I didn’t see that coming…
The next twenty-four hours I spent thinking about that line: “You need to see a neurologist.” For the first time, I really had to reconsider everything. Those questions that I had popped up again. While I may have been in self-denial that I was okay, in reality, I wasn’t. With each head injury and concussion, I was slowly getting worse. My memory was getting worse. Each concussion was a huge risk. Even regular headers were giving me headaches.
My stubbornness was hiding me from the truth. Playing sports were my idol. It was more than just playing it for the love of the game. It was how I could leave a mark on the field or court and in people’s minds. It was my way to prove people wrong about me. It was my way of feeling superior and better than her when I beat them with my skill and wit. The knowledge that teams needed me to complete their goal was always satisfying. As a result, it just inflated my ego and made me become prideful.

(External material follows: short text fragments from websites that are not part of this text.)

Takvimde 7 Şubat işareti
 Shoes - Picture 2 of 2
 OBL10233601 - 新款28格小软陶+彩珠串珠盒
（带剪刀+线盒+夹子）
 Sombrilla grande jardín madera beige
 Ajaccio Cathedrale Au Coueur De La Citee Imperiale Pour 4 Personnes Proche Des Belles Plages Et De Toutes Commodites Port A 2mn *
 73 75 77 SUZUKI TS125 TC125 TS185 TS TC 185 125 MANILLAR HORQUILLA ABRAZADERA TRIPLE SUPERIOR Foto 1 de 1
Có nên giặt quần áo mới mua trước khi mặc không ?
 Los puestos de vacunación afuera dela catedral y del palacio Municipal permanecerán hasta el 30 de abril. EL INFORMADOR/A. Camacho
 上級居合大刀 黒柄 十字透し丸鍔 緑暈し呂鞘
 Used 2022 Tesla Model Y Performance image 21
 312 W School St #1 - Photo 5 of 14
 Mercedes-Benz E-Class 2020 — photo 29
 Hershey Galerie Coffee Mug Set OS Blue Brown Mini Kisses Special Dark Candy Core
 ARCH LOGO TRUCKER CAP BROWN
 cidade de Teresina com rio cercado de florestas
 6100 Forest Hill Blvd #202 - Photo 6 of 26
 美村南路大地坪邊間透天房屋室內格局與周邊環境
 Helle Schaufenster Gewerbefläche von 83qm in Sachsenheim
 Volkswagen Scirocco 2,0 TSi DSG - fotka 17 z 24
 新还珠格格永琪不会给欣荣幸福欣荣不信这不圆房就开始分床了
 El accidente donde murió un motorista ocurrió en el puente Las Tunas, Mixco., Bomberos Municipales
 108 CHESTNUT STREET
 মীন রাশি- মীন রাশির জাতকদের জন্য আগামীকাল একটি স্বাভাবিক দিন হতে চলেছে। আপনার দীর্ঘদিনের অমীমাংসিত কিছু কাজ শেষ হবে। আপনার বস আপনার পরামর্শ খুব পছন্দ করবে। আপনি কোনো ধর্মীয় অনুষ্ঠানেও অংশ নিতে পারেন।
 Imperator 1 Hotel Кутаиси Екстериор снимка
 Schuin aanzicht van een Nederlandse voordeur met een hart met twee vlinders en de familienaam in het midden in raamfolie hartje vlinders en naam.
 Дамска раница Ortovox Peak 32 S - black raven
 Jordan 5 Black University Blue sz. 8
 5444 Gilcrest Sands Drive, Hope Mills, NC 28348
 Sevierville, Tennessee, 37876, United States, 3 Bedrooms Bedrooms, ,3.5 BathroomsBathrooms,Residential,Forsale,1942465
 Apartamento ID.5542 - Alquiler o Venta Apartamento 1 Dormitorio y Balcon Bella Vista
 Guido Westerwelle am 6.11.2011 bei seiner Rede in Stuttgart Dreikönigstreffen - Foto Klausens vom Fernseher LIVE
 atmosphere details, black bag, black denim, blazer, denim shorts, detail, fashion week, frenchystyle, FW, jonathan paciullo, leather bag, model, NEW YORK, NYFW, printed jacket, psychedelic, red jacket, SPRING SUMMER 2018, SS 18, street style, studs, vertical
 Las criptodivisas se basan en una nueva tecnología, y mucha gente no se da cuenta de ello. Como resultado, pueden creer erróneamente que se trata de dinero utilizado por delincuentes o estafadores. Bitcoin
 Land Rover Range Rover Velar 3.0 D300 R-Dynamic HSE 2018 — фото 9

Like all idols, the thought of letting go of playing sports created this fear. What would I do if I couldn’t play soccer? Or basketball? Whenever I was injured because of a concussion or another injury, it left me frustrated having to sit on the sidelines, unable to help the team. Sometimes I’d try to rush my recover just so I could play again, only to get hurt again. To have to leave sports for good was just unthinkable. Incomprehensible. Sports were a huge part of my identity as a person. People would always ask me about sports because that was the first thing that they thought of when they saw me.
I know that I’m more than just about sports. But this was a lot of me to ask of even myself. While I still wait for my appointment with a neurologist for further advice, I know that I may have to face the music and realize that I have to quit for good. And even if they say it’s cleared for me to continue playing sports, is it worth the risk of my own well-being for something that’s ultimately for recreation and fun? In the end, regardless of the neurologist’s advice, I’ll have to decide for myself and for my well-being.